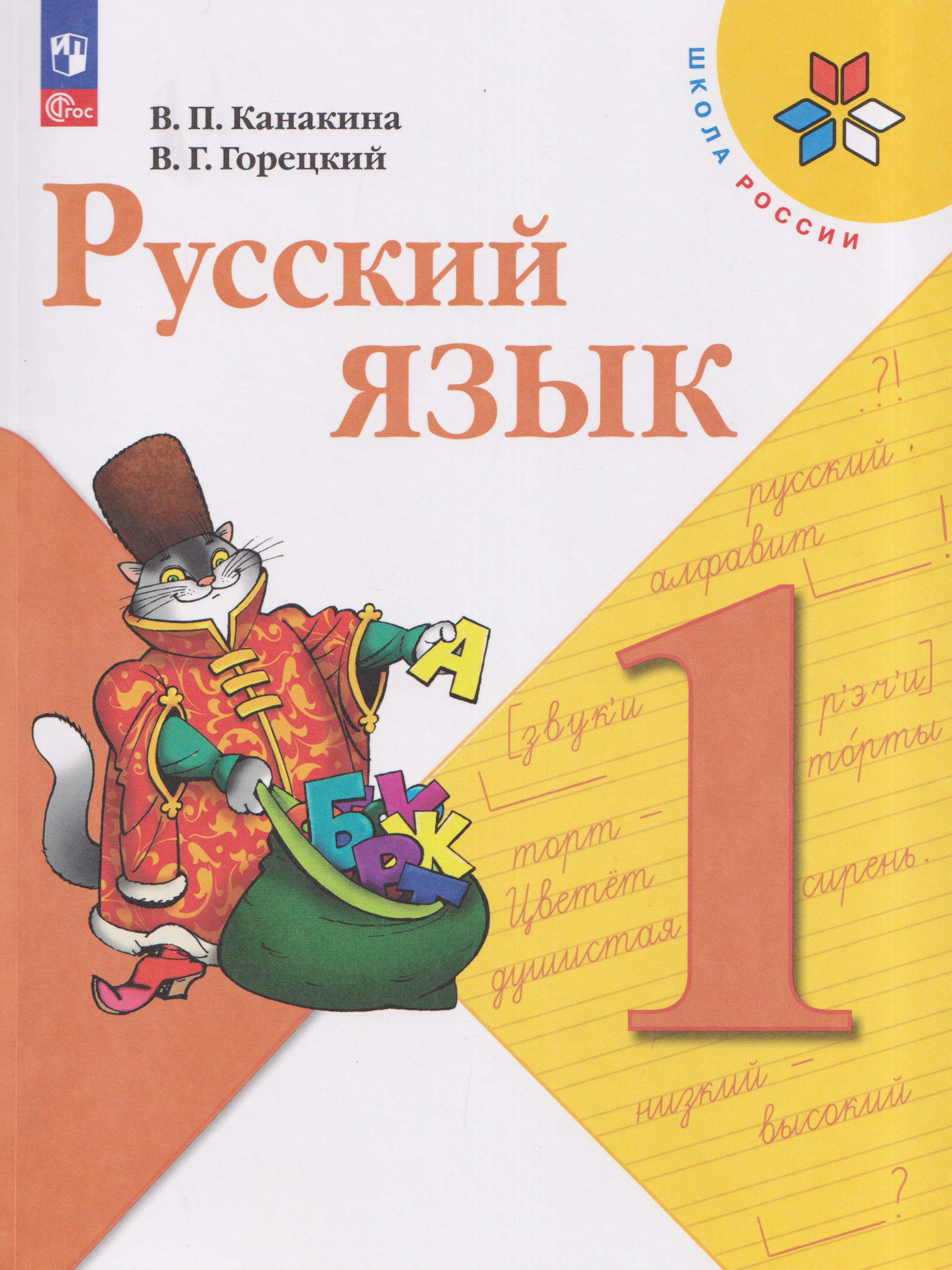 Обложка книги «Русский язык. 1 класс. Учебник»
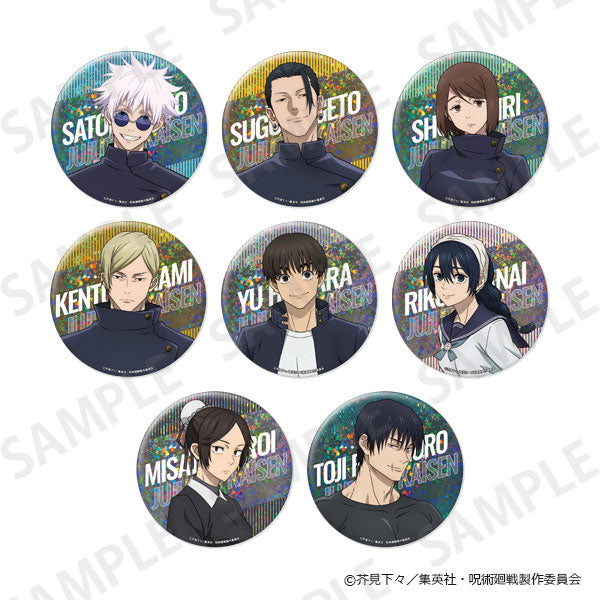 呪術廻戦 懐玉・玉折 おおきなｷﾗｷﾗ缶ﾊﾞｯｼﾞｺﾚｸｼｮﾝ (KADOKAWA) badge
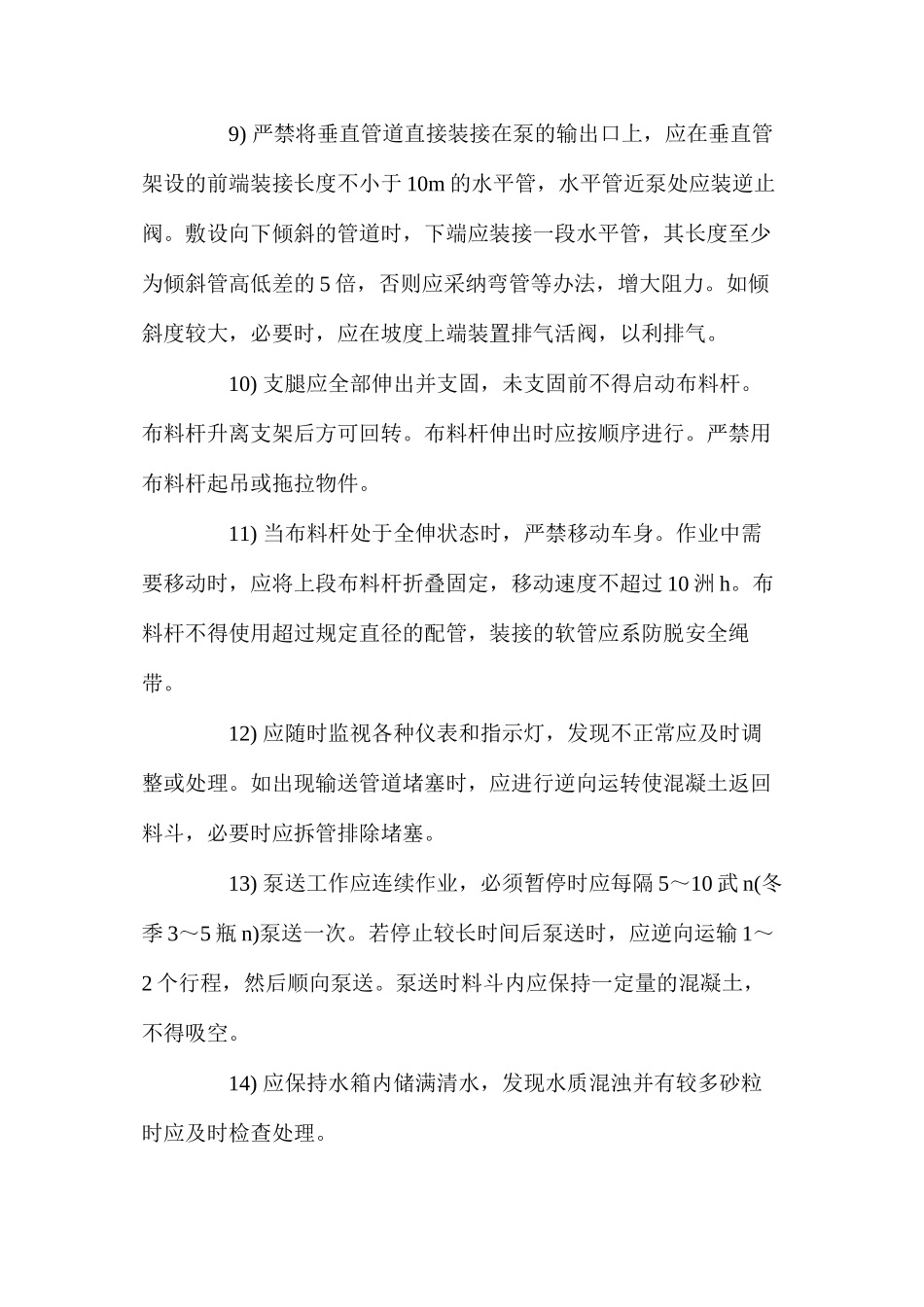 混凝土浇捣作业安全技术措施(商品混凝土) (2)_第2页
################
● **WORK TO BE COMPLETED**: Exactly as written, restate the lines from the one that contains "呪術廻戦 懐玉・玉折 おおきなｷﾗｷﾗ缶ﾊﾞｯｼﾞｺﾚｸｼｮﾝ" through the final line of the data, both ends included, but leave out the pictures.

● **SOLUTION BELOW**:
 呪術廻戦 懐玉・玉折 おおきなｷﾗｷﾗ缶ﾊﾞｯｼﾞｺﾚｸｼｮﾝ (KADOKAWA) badge
 混凝土浇捣作业安全技术措施(商品混凝土) (2)_第2页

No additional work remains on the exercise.